Adult learning is studied as a phenomenon crucially different from pedagogy for the reason that there is a set of psychological and behavioral reasons that mark mature adult individuals apart from children. The one concept regarding adult development that fascinated me was Havighurst’s “teachable moments” (Knowles et al., 2020, p. 51).
The theoretical framework that he put forth was based on the idea that “developmental tasks associated with different stages of growth gave rise to a person’s readiness to learn different things at different times” (Knowles et al., 2020, p. 51). Havighurst’s conceptualization of individual development in adulthood can serve as a foundation for designing a curriculum that adults would be willing to learn. Based on their developmental stage, the subjects would be adjusted, thus producing a noticeably more effective way for the adult to learn.
Naturally, adult learning theories are designed in such a way as to take into account the developmental changes that adult individuals go through in the course of their lives. The changes are “generally divided into three types: physical changes; cognitive or intellectual development; and personality development” (Knowles et al., 2020, p. 156).

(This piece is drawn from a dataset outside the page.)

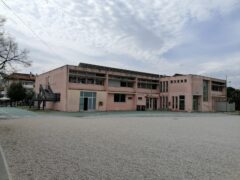Scuola primaria in via Benedetto Croce a Centobuchi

Whichever andragogic model one may find suitable in any given case, the concepts that unify them are enhanced personal freedom, a more practical and problem-solving approach, and the ability to assess their work. The process of curriculum design involves collecting “needs-assessment information”, but the result should always be approved by the adult students (Brockett & Hiemstra, 2018, p. 156). It is crucial to take into account their physical, intellectual, and personality nuances, as adult learners should be able to participate in the planning of their learning process.

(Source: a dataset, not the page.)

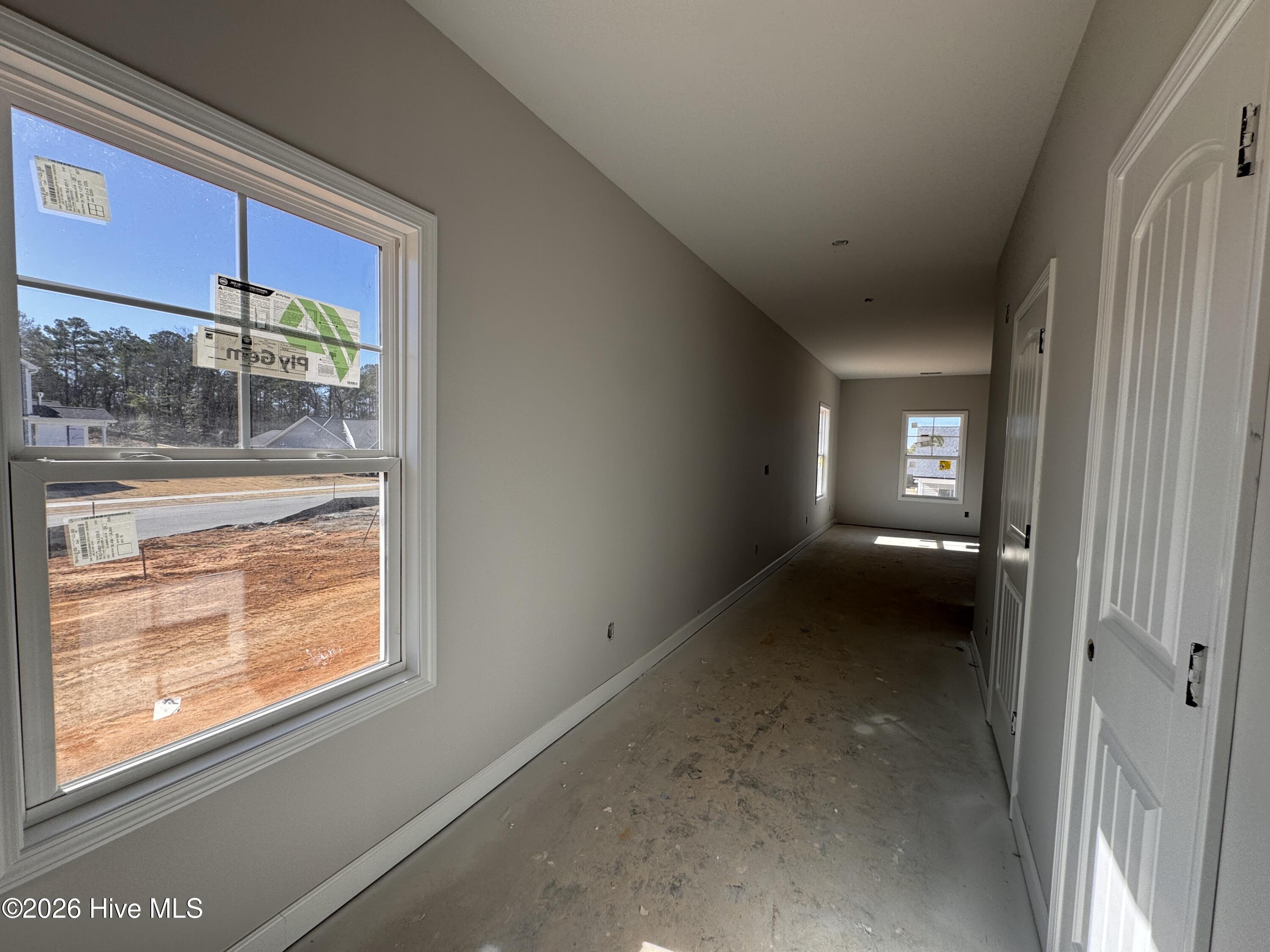 258 Rough Ridge Trail, Unit 72 Aberdeen, NC 28315 - Photo 5 of 46 IMG_4901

Surprisingly, adults exhibit a greater degree of involvement and cooperation in class compared to younger learners. Naturally, there is a looser atmosphere aimed at solving problems presented collaboratively; the teacher expects adult learners to implement their personal experience in problem-solving, and the students generally excel at it.

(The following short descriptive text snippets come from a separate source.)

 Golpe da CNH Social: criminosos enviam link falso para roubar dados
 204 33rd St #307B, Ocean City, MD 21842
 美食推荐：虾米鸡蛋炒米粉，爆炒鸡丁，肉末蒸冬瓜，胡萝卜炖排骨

The important thing to understand when conducting an adult education program is their maturity and richness of experience while also designing the program to be practical.
Brockett, R. G. & Hiemstra, R. (2018). Self-direction in adult learning: Perspectives on theory research and practice. Routledge.
Knowles, M. S., Holton III, E. F. & Swanson, R. A. (2020). The adult learner: The definitive classic in adult education and human resource development (9th ed.). Routledge.